Overall, when $s_1$ is made basic in the next solution, the greatest increase in the value of the objective function as well as the per unit increase in the new basic variable is achieved. This answers the last two subproblems.

Example 2: Determine the initial simplex tableau for the linear program below:

Maximize: $4x_1 + 3x_2 - x_3$.

Subject to: $x_1 + x_2 + x_3 = 100, 2x_1 + 2x_2 + x_3 \le 200$, $4x_2 + 3x_3 \ge 50, -5x_1 + 2x_2 \ge 40, x_1 \ge 0, x_2 \ge 0, x_3 \text{ unrestricted}$.

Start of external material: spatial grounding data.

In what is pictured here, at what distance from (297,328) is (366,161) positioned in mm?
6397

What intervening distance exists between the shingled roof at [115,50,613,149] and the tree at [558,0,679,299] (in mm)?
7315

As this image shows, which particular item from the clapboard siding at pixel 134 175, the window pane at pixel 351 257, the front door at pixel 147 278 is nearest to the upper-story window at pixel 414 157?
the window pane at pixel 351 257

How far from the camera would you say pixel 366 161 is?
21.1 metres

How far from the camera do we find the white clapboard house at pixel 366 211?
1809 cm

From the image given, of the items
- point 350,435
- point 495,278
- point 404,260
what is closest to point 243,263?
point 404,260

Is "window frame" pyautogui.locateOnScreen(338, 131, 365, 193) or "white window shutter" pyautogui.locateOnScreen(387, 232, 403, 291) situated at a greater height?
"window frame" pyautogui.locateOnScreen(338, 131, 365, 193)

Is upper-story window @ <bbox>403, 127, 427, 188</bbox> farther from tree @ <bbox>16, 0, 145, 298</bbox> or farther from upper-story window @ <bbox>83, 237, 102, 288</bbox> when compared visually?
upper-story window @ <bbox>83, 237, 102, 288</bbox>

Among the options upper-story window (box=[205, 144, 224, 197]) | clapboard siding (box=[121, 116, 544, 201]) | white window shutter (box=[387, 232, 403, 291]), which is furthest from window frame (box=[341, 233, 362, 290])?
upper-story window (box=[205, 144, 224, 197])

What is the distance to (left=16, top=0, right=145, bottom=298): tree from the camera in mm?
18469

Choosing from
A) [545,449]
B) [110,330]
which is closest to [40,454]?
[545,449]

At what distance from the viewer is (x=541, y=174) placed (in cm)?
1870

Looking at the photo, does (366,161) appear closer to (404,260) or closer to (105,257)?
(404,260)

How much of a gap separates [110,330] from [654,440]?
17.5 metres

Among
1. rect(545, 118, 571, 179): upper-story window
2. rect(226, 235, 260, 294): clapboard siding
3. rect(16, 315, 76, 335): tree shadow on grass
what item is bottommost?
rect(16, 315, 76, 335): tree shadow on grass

Solution: As $x_3$ is unrestricted, we use $x_3 = w_1 - w_2$, where $w_1, w_2$ are both nonnegative, to replace $x_3$. This results the new linear program:

Maximize: $4x_1 + 3x_2 - w_1 + w_2$.

Subject to: $x_1 + x_2 + w_1 - w_2 = 100, 2x_1 + 2x_2 + w_1 - w_2 \le 200$, $4x_2 + 3w_1 - 3w_2 \ge 50, -5x_1 + 2x_2 \ge 40, x_1 \ge 0, x_2 \ge 0, w_1 \ge 0, w_2 \ge 0$.

First, adding a slack variable $s_2$ and two surplus variables $s_3, s_4$, we get constraints:

$x_1 + x_2 + w_1 - w_2 = 100, 2x_1 + 2x_2 + w_1 - w_2 + s_2 = 200$, $4x_2 + 3w_1 - 3w_2 - s_3 = 50, -5x_1 + 2x_2 - s_4 = 40, x_1 \ge 0, x_2 \ge 0, w_1 \ge 0, w_2 \ge 0$.

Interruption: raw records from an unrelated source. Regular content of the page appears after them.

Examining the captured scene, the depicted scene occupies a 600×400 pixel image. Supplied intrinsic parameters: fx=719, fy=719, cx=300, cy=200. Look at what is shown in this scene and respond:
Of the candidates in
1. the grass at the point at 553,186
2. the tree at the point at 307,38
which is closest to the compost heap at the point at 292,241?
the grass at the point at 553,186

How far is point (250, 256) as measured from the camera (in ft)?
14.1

Adding artificial variables $a_1, a_3, a_4$, we get constraints:

$x_1 + x_2 + w_1 - w_2 + a_1 = 100, 2x_1 + 2x_2 + w_1 - w_2 + s_2 200$, $4x_2 + 3w_1 - 3w_2 - s_3 + a_3 = 50, -5x_1 + 2x_2 - s_4 + a_4 = 40, x_1 \ge 0, x_2 \ge 0, w_1 \ge 0, w_2 \ge 0$.

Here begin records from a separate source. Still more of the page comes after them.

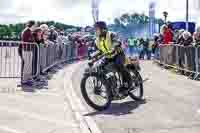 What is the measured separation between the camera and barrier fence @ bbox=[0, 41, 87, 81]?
15.3 metres

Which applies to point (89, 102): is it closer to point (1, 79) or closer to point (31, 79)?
point (31, 79)

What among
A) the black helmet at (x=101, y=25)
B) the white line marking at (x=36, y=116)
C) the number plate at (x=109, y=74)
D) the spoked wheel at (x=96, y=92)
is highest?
the black helmet at (x=101, y=25)

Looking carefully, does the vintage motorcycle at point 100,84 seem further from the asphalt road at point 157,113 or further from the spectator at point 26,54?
the spectator at point 26,54

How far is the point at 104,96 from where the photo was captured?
1096 centimetres

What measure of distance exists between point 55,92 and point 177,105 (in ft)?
12.7

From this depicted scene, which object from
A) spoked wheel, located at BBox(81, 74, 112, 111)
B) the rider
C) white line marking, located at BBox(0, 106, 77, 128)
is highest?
the rider

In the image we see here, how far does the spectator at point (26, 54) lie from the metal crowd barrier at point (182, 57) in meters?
5.36

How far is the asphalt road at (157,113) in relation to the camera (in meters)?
8.76

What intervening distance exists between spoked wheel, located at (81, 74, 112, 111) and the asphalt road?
0.59 feet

Note that you only add artificial variables for constraints which do not have slack variables. The artificial objective function is \begin{aligned}-a_1-a_3-a_4 &= x_1 + x_2 + w_1 - w_2 - 100 + 4x_2 + 3w_1 - 3w_2 - s_3 - 50 - 5x_1 + 2x_2 - s_4 - 40 \\ &= -4x_1 + 7x_2 + 4w_1 - 4w_2 - s_3 - s_4 - 190.\end{aligned}

The initial simplex tableau for the linear program is

$x_1$ $x_2$ $w_1$ $w_2$ $s_2$ $s_3$ $s_4$ $a_1$ $a_3$ $a_4$
1 1 1 -1 0 0 0 1 0 0 100
2 2 1 -1 1 0 0 0 0 0 200
0 4 3 -3 0 -1 0 0 1 0 50
-5 2 0 0 0 0 -1 0 0 1 40
-4 -3 1 -1 0 0 0 0 0 0 0
4 -7 -4 4 0 1 1 0 0 0 -190

where the last two rows are the objective row and the artificial objective row.

More examples:

• Section 3.3 nos. 4, 5;
• Section 3.4 nos. 4, 11, 12;
• Section 3.5 nos. 4, 6 – 11;
• Section 3.6 nos. 3, 12, 15.

Note: The most important question will be a formulation problem.